Does that headline surprise you? You will see that violation on display at every local government meeting inside Fayette County, every month.

No telling what goes on in other places as elected officials routinely tell citizens attending public meetings what those citizens may and may not talk about to those officials, every one of whom was voted into public office by those very citizens.

I heard it most recently on tape from that clueless Fayette County Board of Commissioners. Already under fire from animal advocates over a $3.2 million animal shelter boondoggle, Commission Chairman Lee Hearn warned an overflow crowd that he would not tolerate any criticism of county employees concerning the botched new animal shelter.

During every public meeting, the Fayette County Board of Education reminds its bosses — the public — who is the real boss: “Remarks should not be addressed to individual board members. Speakers are asked to keep their remarks civil. The use of obscene, profane, vulgar, physically threatening, or abusive remarks will not be allowed. The Board will not permit anyone to become personally abusive to an individual student, board members, board employees, or other speakers. The board will take comments and questions under advisement and responses, if needed, will be provided by the Superintendent.”

Got it? These demigods of education will allow only nice remarks, which they will not respond to or even acknowledge. As a member of the public, you might as well speak your piece into an audio recorder and mail that recording to the board office. You’ll never hear anything from that either.

Maybe a better way would be to put your complaint in a few words on a sign and march around the road in front of the system office. Then we would at least see your name on an arrest report.

The Fayetteville City Council — in my hearing — has likewise warned the public — their bosses — that they will rule out of order and have removed from the meeting room by an armed, uniformed police officer any public speaker who criticizes by name or position any employee of the city. Don’t resist, or you’ll go to jail.

The Peachtree City Council has by official policy forbidden any lowly member of the public from speaking about anything on that day’s public agenda.
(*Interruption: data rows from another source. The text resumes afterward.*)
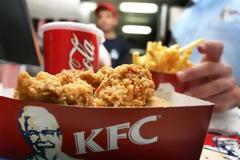 KFC: Κατέβαλαν αποζημίωση-μαμούθ για τα κοτόπουλα με σαλμονέλα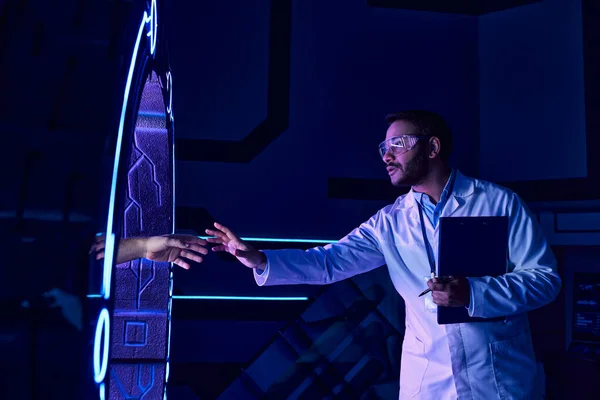 Conceito futurista, cientista indiano tocando mão aparecendo a partir de dispositivo experimental — Fotografia de Stock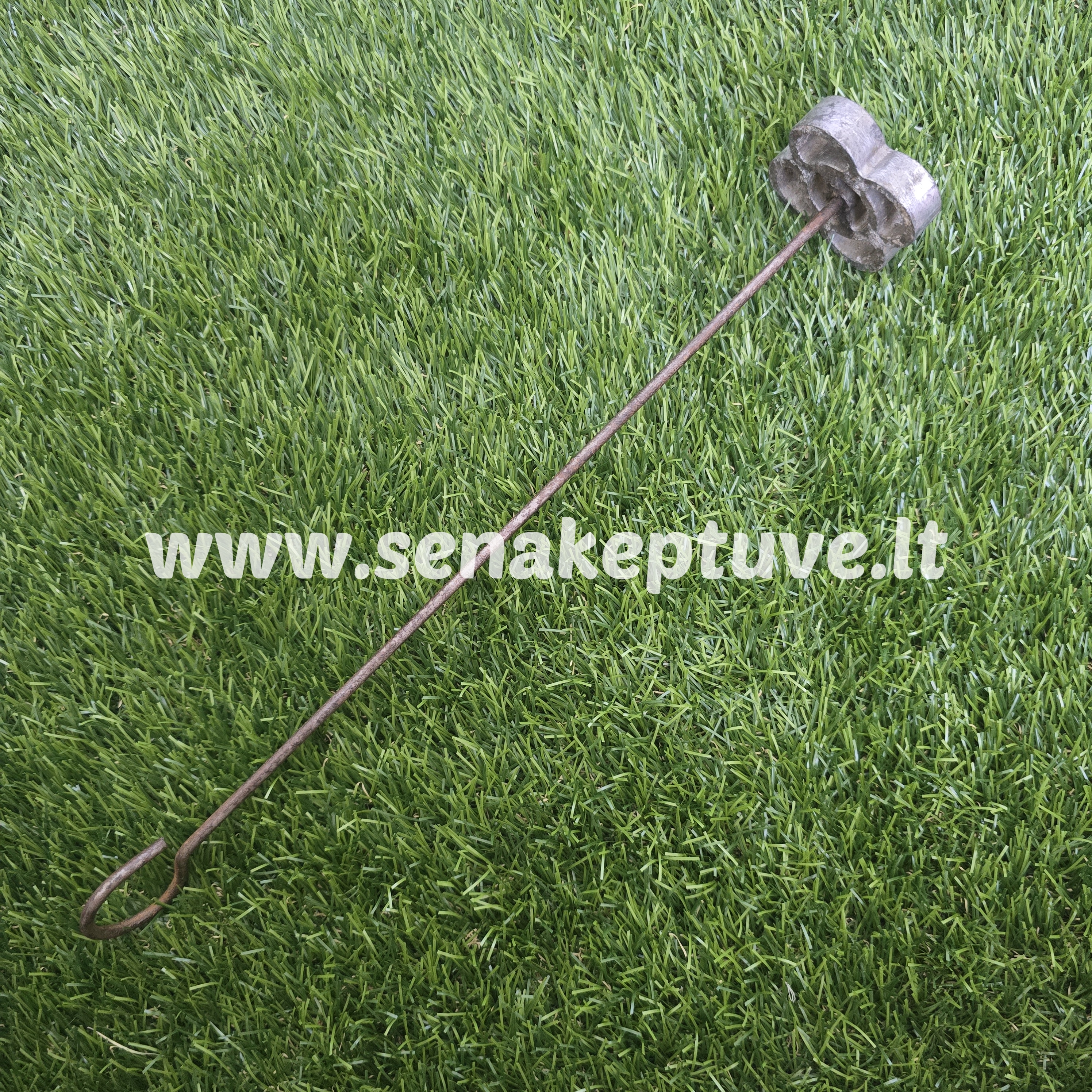 Senovinė žagarėlių formelė su koteliu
You can speak about other issues, so long as those issues are not being discussed by the council at that meeting.

Unless it’s an agenda item that by law must include a “public hearing,” the council may or may not allow any public speakers to have their say on other regular agenda items.

You get the drift? The elected officials officially want as little public meeting input as they can legally get away with.

“We would never get anything done if everybody could just talk about anything they wanted to in our meetings,” says my typical elected official. “We can’t have our meetings become complaint sessions from the public,” says my typical elected official #2.

Well, yes, you can and yes, you should. Most of our public officials show up for two official meetings a month. Public officials, bring your seat cushions and your water bottles and prepare to shut up and listen awhile to the people who elected you to your exalted positions.

I contend that’s exactly what you were elected to do. It is your highest duty. And who do you think you are that you can tell a member of the public what he/she can or cannot talk about in a public meeting? We elect regular people to office to listen to us, not to rule as a medieval king would.

That brings me to a second part of that routinely ignored First Amendment: “the right of the people … to petition the government for a redress of grievances.”

What better place to speak frankly to government officials elected by you than at their public meeting while they are deciding on what new rules they are about to impose on you?

That is exactly why that meeting has to be public: They are forbidden by law from creating new rules on you while in secret meetings.

OK, after covering and reporting on public officials over a span of 54 years, I have observed a few things about public officials who have been in office two years or more:

1. Most elected officials (not all, but most) don’t want to hear what Joe Public has to say. Most (not all) think that what you have to say comes from a place of ignorance, a lack of understanding of “how things really work,” or conflicts with what those public officials deeply believe is best for you, whether you believe in that “best” or not.

2. Most elected officials (not all) have their agenda, and only a few close friends/supporters actually know what that full agenda really is. Most of the voting public realize after about two years that this official didn’t tell them some important facts that often don’t line up with what the voters thought that official was really about. At that point the newly educated voter comes to a decision point about whether to keep supporting or to oppose this official.

3. Most elected officials (in the high 90-percentile range) will lie at some point about something in the realm of public policy that’s really important to them but that they know will not go over well with the majority of the voting public.

4. Most public officials (maybe close to 99%) don’t want to give up the power of their positions. Absent term limits, they would keep on seeking to keep their positions. This power-seeking has nothing to do with honorable service or high aspirations or even duty. It’s just plain old lust for power.

Call me cynical, call me a realist, call me old and crotchety. After 54 years of seeing it up close, I’m calling it like I’ve seen it.

Those four points above are why elected public officials — for the public good — have to be subject to complaining citizens using their freedom of speech to seek redress of grievances.

And it’s why those local government public officials are morally and constitutionally wrong to tell the voting, taxpaying public what they can and can’t talk about at public meetings. Voters and taxpayers, start standing up for your constitutional rights.

[Cal Beverly has been editor and publisher of The Citizen since 1993. He covered his first city and government meetings in 1970.]